I noticed yesterday that my carriage gibs were starting to get loose after all the use and break in, so this afternoon I decided to pull that all apart and give it a good cleaning and inspection. It had bothered me that there were certain parts I hadn't been able to clean without disassembling it, so no time like the present. Turns out there was a lot more black, gritty mill scale under the carriage than I had suspected, so it was a good thing. The gibs that ride under the bed need to be level and tensioned with a series of screws and set screws, and one of the set screws doesn't have a lock nut due to being located directly above the handwheel gear, so it got a little bit of threadlocker when I put it back. All the screws and threaded holes need a good cleaning and blow-dry with compressed air. I pulled the back shield off and the apron off the carriage in order to access the gib screws, then after cleaning and oiling everything put it back together, being careful to keep the gibs nice and level with the bed ways via the set screws when snugging everything down. After getting all that done I discovered the leadscrew didn't perfectly align with the half nuts, even after adjusting the apron position repeatedly. The leadscrew actually wasn't parallel to the bedways on either axis, so more teardown required and I had to slot the screw holes on both leadscrew bearing blocks to finally get it in the correct position to not flex or bind when the half-nuts were engaged. A .005" shim behind the tailstock end bearing block brought the leadscrew out to parallel that way, and after removing the control panel housing and leadscrew block on the headstock end for hole enlargement, I finally got the leadscrew moved up enough to run perfectly centered in the half nuts and not bind no matter where the carriage is located.
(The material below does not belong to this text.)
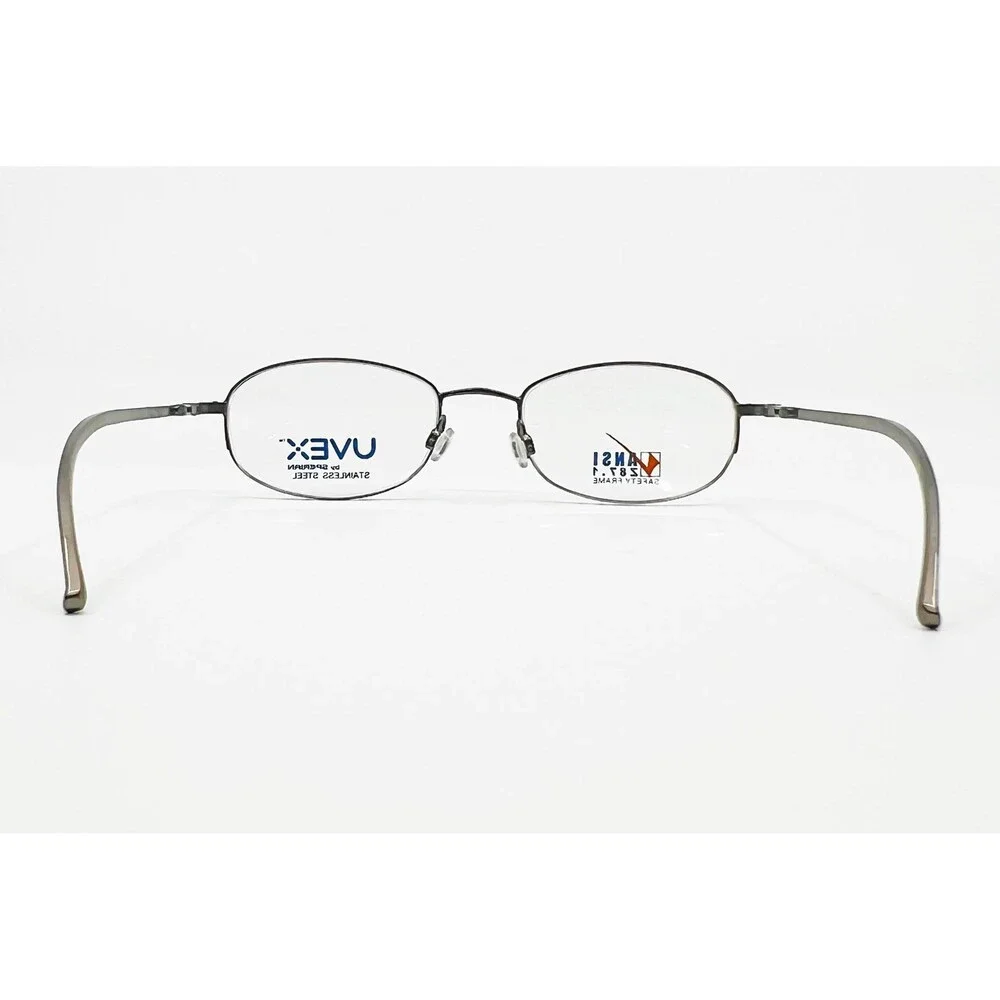 Uvex Safety Glasses Mens Pewter New ANSI Z87.1 Stainless Steel T275S 140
A note on the leadscrew blocks. The one on the headstock end isn't accessible without removing the control panel, and there is nothing in the instructions about oiling it. I had wondered about that since there is a ball oiler on the other one. Well, there's an oil HOLE, but no oiler on the left one. You will want to remover the switch panel, leadscrew end gear, banjo, and block and clean all the nasty gunk out of it all (including the bearing block mounting holes) and make sure the oil hole in the block is clear and clean. Oil the leadscrew bearing surface and inside of the block, then fill the oil hole up before putting it back together. I thought about greasing it since it's not easily accessible, and that may be what was intended, but everything else on the machine takes oil so I stuck with that.
This is all a royal pain and takes a lot of patience and thought, but if you go through it sooner than later (and disassemble, clean, and adjust all the other gibs and leadscrews while you're at it) I think the machines will last a lot longer.